Edito
Pourquoi la France garde le bonnet d’âne de la croissance en Europe
L’Europe caracole sur un sentiment d’euphorie économique. La commission de Bruxelles additionne les bulletins de victoire. Jamais depuis dix ans, la croissance n’est apparue aussi robuste.
L’Europe caracole sur un sentiment d’euphorie économique. La commission de Bruxelles additionne les bulletins de victoire. Jamais depuis dix ans, la croissance n’est apparue aussi robuste. Et les perspectives pour les deux années à venir demeurent optimistes, avec des performances sans cesse revues à la hausse. Ainsi, pour l’année qui s’achève, l’expansion atteindrait en moyenne 2,2% dans la zone euro selon des chiffres qui viennent d’être publiés, alors qu’en début d’année, la commission avait envisagé une progression de 1,6% seulement. Dans tous les domaines, les voyants sont au vert : la consommation des ménages est en forte hausse, le chômage recule et l’investissement redémarre. Le déficit public de la zone va tomber au-dessous d’un pour cent. Cette situation positive devrait se prolonger au moins pendant deux ans, d’autant que la conjoncture mondiale est à la même enseigne, à condition que la situation géopolitique ne se dégrade pas, en raison des nombreux conflits en cours ou qui couvent. Le moment serait donc propice pour amorcer une nouvelle étape dans la construction européenne, comme le souhaite officiellement la France, en surfant sur les atouts offerts par une conjoncture particulièrement flatteuse.
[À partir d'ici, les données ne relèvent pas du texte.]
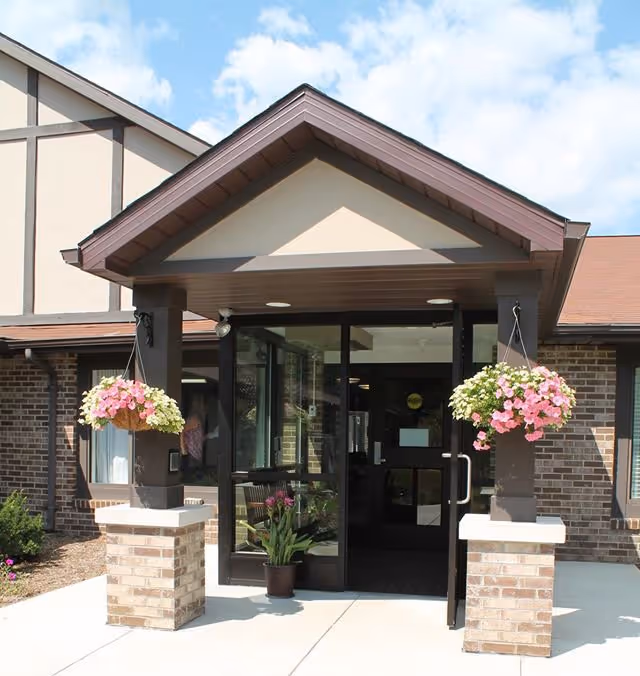 Entrance of a senior living facility with a covered porch supported by two brick pillars. Each pillar has a hanging basket with pink and white flowers. There is a potted plant on the ground near the glass doors. The building has a brick exterior and a sloped roof under a partly cloudy sky.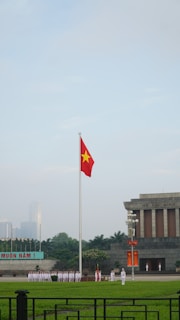 A large flagpole with a red flag featuring a yellow star is prominently displayed in an open area. Below the flag, a group of uniformed individuals stand in formation. To the right, a gray stone building with columns is visible, displaying the name 'Ho Chi Minh' on its facade. The area is surrounded by green lawns and trees, with a distant cityscape in the background.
Mais c’est justement là que le bât blesse, car les initiatives font cruellement défaut du côté de Bruxelles. Le moteur franco allemand, indispensable pour réaliser des progrès , parait grippé, parce que le doute s’est réinstallé du côté de Berlin sur les capacités de Paris à engager en profondeur les réformes indispensables. Pour jouer les locomotives, il ne faut pas apparaitre comme le wagon de queue, qui peine à s’aligner sur les autres. La France est aussi engagée dans le mouvement général de croissance, mais elle revêt, selon certains experts, le bonnet d’âne, en bonne dernière place pour la plupart des performances. L’expansion sera comprise cette année entre 1,6 et 1,8%, très inférieure à la moyenne européenne, le commerce extérieur enregistrera un déficit abyssal, témoignant d’un manque de compétitivité inquiétant. Le gouvernement a toutes les peines du monde à contraindre l’impasse budgétaire. Il déploie tous les efforts pour maintenir le déficit en deça de la ligne rouge symbolique des trois pour cent. Mais il reste de nombreux foyers d’incertitude, comme la recapitalisation d’ Areva ou l’incidence de la taxe sur les dividendes invalidée par le conseil constitutionnel qui pourraient alourdir l’addition. L’impression prévaut aussi chez nos partenaires européens qu’un certain laxisme pourrait à nouveau prendre le dessus, en misant sur les dividendes attendus de la croissance pour s’épargner les efforts indispensables au redressement des comptes publics. Une récente information a aussi provoqué une douche froide : un sondage auprès des chefs d’entreprises indiquait que ceux-ci n’envisageaient pas d’accroître leurs investissements cette année ni même l’an prochain, en les laissant ainsi au même niveau insuffisant. Mais c’est le sentiment que le gouvernement a renoncé à tailler à la hache dans les dépenses publiques qui mine aujourd’hui la confiance dans les réformes. Emmanuel Macron a pourtant averti qu’il fallait prendre en compte la durée du quinquennat pour juger de l’action publique, alors que nombreuses sont les voix qui s’élèvent pour souligner que c’est au début du mandat qu’il faut agir, car, au fil des mois les résistances au changement s’organisent et deviennent de plus en plus fortes. D’autant que l’horizon géopolitique est loin d’être serein et que les marchés boursiers , emportés par un emballement vertigineux, notamment aux Etats-Unis deviennent de plus en plus nerveux.